AKRON, Pa. – A Mennonite Central Committee (MCC) project to feed 2,700 students at high schools in rural Zimbabwe is on hold as MCC partner organizations report political violence throughout the country.

The Zimbabwean government has ordered aid organizations to cease operations in advance of a presidential run-off election scheduled for June 27. This week, tensions heightened amid reports of attacks on opposition supporters by pro-government forces and the announcement by opposition candidate Morgan Tsvangirai that he would withdraw from the election.

MCC is joining Mennonite World Conference (MWC) in calling on people to pray and fast for the people of Zimbabwe on June 26 and 27. The Brethren in Christ Church is the largest MWC-member denomination in southern Africa, with about 35,000 members.
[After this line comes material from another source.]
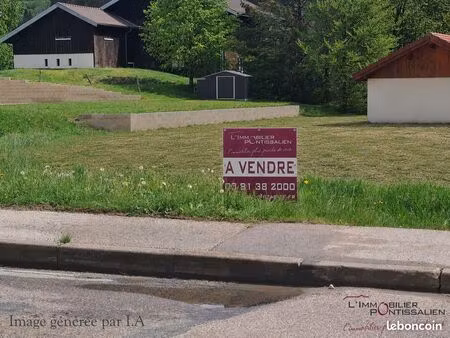 terrain 704 m² rochejean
MCC works with the Brethren in Christ Church in projects related to AIDS, education, relief, health care and peace-building.

Due to political tensions, another MCC partner organization has been unable to import a food shipment that MCC and the Brethren in Christ Church planned to start distributing in May. The shipment of 71 metric tons of wheat and soy blend, provided in partnership with the Canadian Foodgrains Bank, was intended to alleviate hunger among students at 10 high schools in the Matobo district of Matebeleland South province.
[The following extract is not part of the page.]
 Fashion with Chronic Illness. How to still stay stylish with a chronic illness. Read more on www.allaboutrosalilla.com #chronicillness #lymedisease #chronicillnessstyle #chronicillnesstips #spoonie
Bruce Campbell-Janz, MCC Africa co-director, said that the government's orders to stop aid organizations are part of a political crackdown against opposition supporters.

"Anyone who's involved in bringing aid in is seen as an outside agent," Campbell-Janz said. "The government can still distribute food, and they're using it on a patronage basis, in essence, to buy votes."

MCC provided financial support to a partner organization, Habakkuk Trust, to train and organize 145 election observers for the presidential run-off. As of June 23, Habakkuk Trust reported that the government had not accredited the observers.

Habakkuk Trust reported that supporters of the ruling party, Zanu-PF, are creating roadblocks, raiding homes, and threatening to kill opposition supporters.

"They go door by door, in the middle of the night, forcing people to vote for Zanu-PF in the Friday presidential elections," Habakkuk Trust reported in an e-mail. "The people are also forced to wear Zanu-PF t-shirts and they are being bused to rallies. They are being threatened that if they do not attend the rallies, their lives are at stake."